The 1943 Naples post office bombing occurred on October 7, 1943, after the U.S. Fifth Army had captured Naples (October 1) and reached the Volturno River (October 6). The Palazzo delle Poste, Naples, an imposing structure, completed in 1936 is located in the center of the city, was looted by Nazi troops during the occupation. After their retreat it became occupied by families who were made homeless by the bombing and destruction heaped on the city. This happened during the insurrection that was known as the "Four days of Naples" that had taken place a few weeks earlier. On that morning a series of violent explosions ripped through the building and caused heavy damage to the surrounding buildings and the death of more than 100 people, including women, children and members of a 82nd Airborne Division unit. The unit was commanded by General Matthew B. Ridgway. An investigation determined that the explosion was the result of several time bombs planted by Italian fascists six days earlier.
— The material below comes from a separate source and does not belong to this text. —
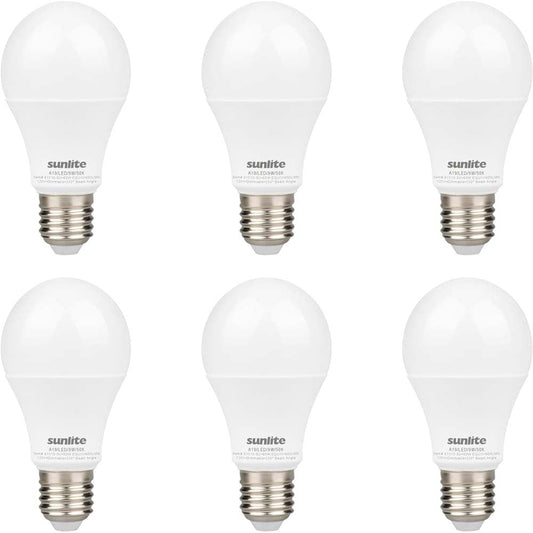 6Pk - Sunlite 9w A19 LED 800Lm 120V Dimmable E26 Base 5000K Bulb - 60wequiv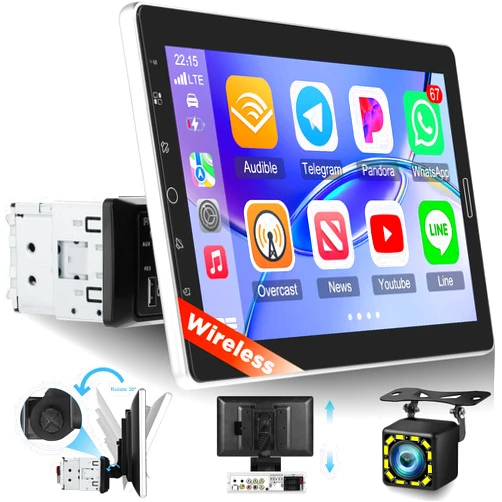 EKAT 10.1 inch Single Din Car Stereo with Wireless Carplay 10 inch Touchscreen Radio Support FM Radio/YouTube Video/Car Play/Android Auto/Bluetooth/SWC + Backup Camera + Mic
A reporter from the Time and Life magazines, Will Lang Jr., was no more than 300 ft from the explosion when it occurred. The shockwave threw him to the ground, and the impact sprained his right arm. A photographer for LIFE magazine, Robert Capa, and Acme News photographer Charles Corte began taking pictures of the shattered Post Office and the carnage lying in the streets. One of the physicians on hand was Brigadier General Edgar Hume whose office was across the street from the post office.